Lately I've also been contemplating the fact of guys and girls being friends. Obviously it's possible because everyone has friends of both genders, and I do have guy friends, just not guy best friends.. In reality, most of them are actually acquaintances. We seldom talk to each other but whenever I get to run into one of them, having a little chat is nice. And it's recently I've discovered a recurring pattern about myself.
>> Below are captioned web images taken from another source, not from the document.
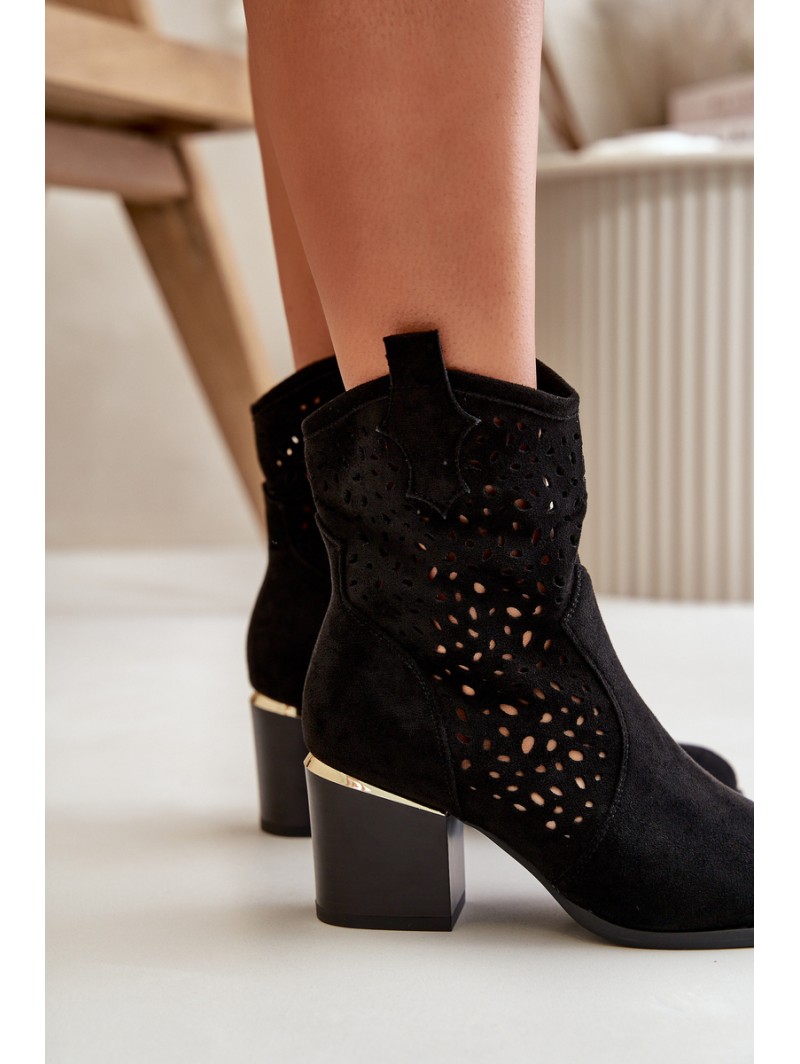 Lace-up ankle boots with eco suede upper, zip closure black Sevana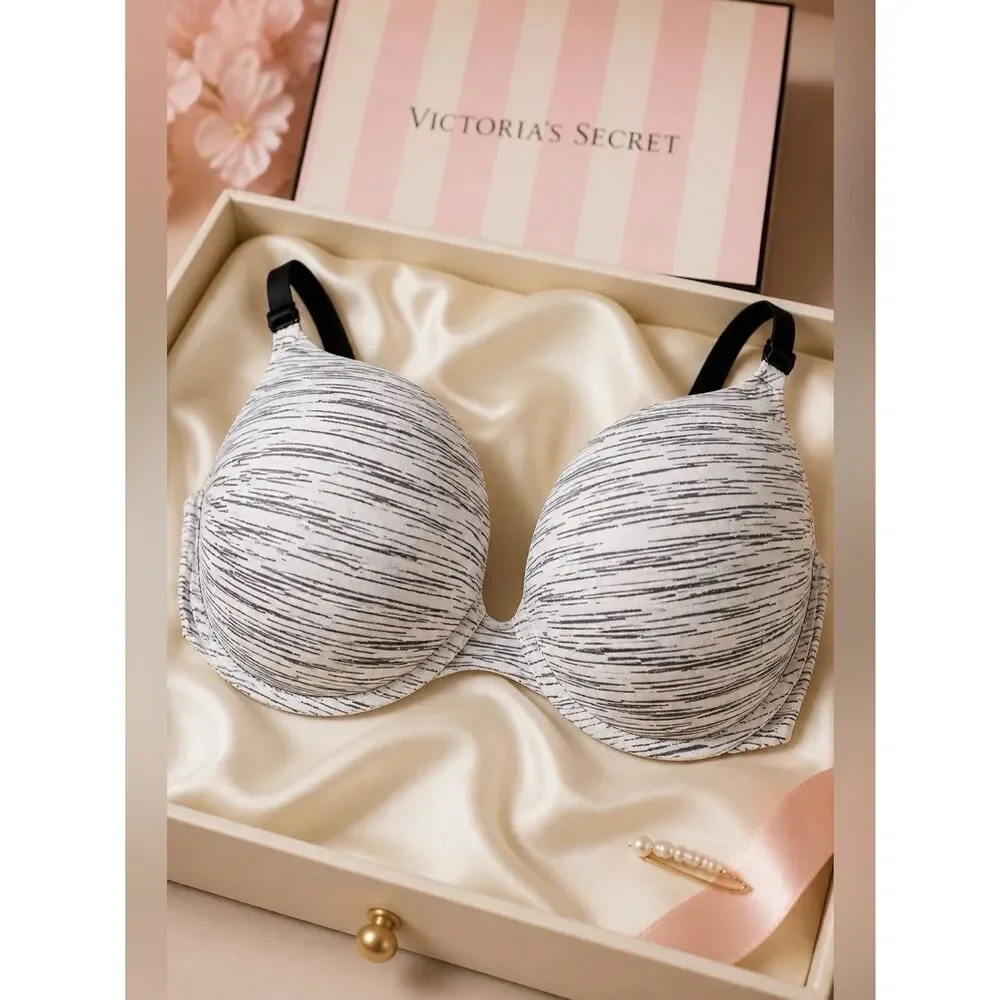 GRAY & WHITE STRIPE BRA VICTORIAS SECRET PINK WEAR EVERYWHERE 34D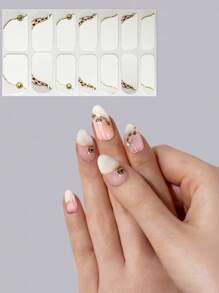 1sheet Leopard Print Nail Art Sticker & 1pc Nail File - Multicolor - View 1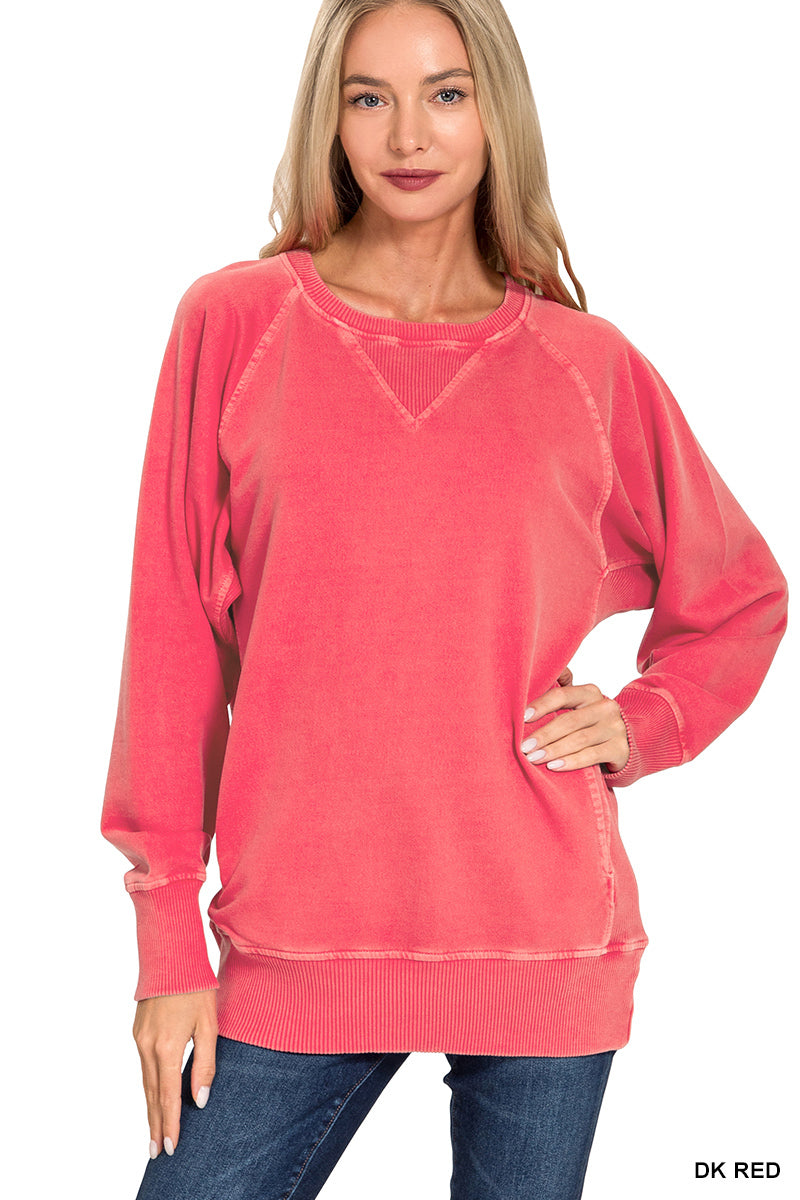Pigment Dyed French Terry Pullover With Pockets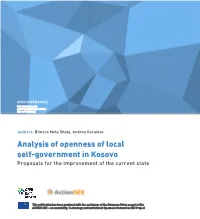Analysis of Openness of Local Self-Government in Kosovo Proposals for the Improvement of the Current State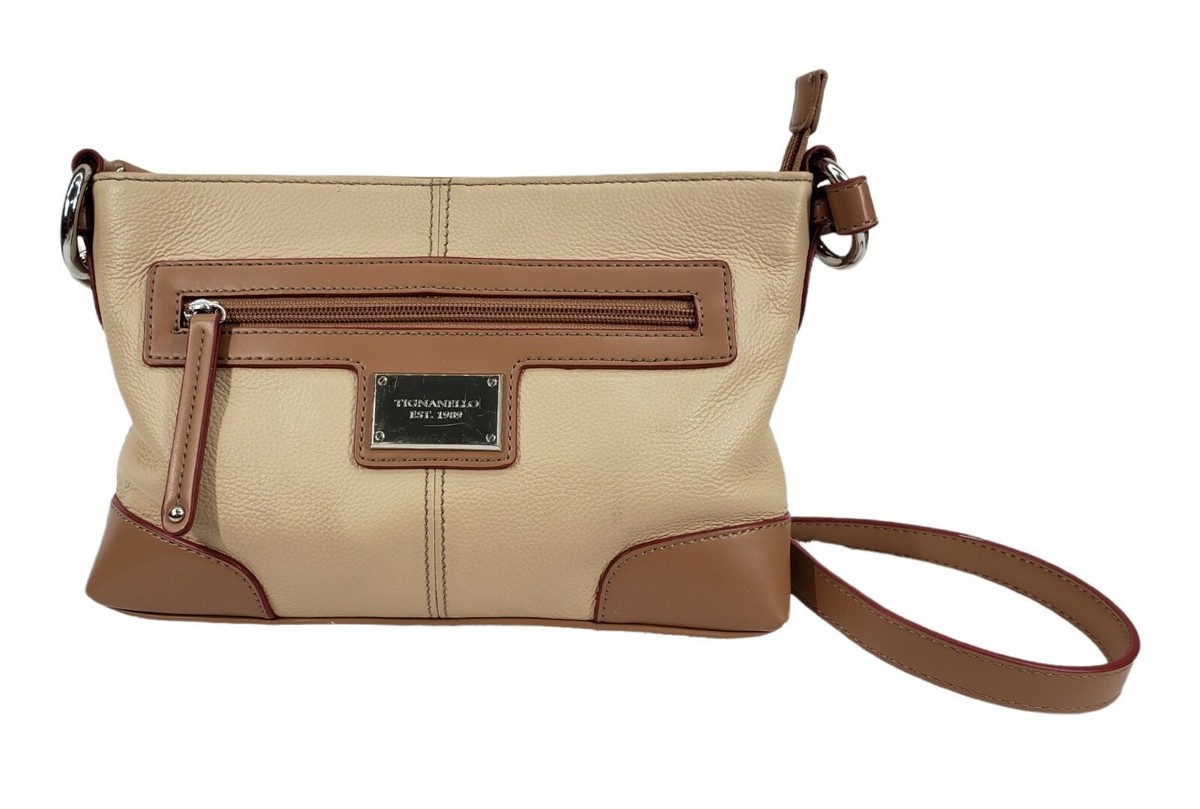 Tignanello Leather Wallet in a Handbag Purse Shoulder Strap Zip Tan Brown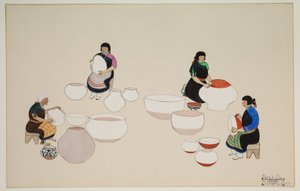 20世紀初頭の小石でこすって空気乾燥した容器を磨く（紙にカゼイン） 作： Tonita Peña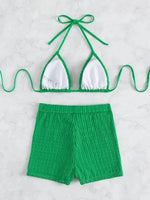 High Waist Bikini 2023 Woman White Swimsuit Women Swimwear with Shorts Bikinis Set Bathing Suits Beachwear Summer Swim Suits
I don't like getting too close to guys. I've talked with a friend before, and basically pretty much my closest girl friends and I - we're the kinds where if we get too close to a guy, feelings would start to develop. Based on experiences throughout high school, personally, getting close to a guy wasn't a pleasant experience. Now I admit my friends and I do all have close guy friends, but I believe at one point in any 'simple' friendship between a guy and a girl, that had to be one point, perhaps temporary even, that one of would begin to extremely admire the other - and then that would grow into a bigger, warmer feeling. With my friendships, most of the time it wasn't me, thank goodness, but I have been that one. For some people that feeling has remained. For others, like me, it's evidently something of the past.
Also I just don't understand guys to begin with lol
I don't think I'll get married - and if I do, it won't be because of love. I have such a love-hate feeling towards guys that marriage would definitely just be hell if I was actually in love with my husband.
Today my Humanities professor stated "Love opens to you life's greatest pleasures, but also the greatest sufferings".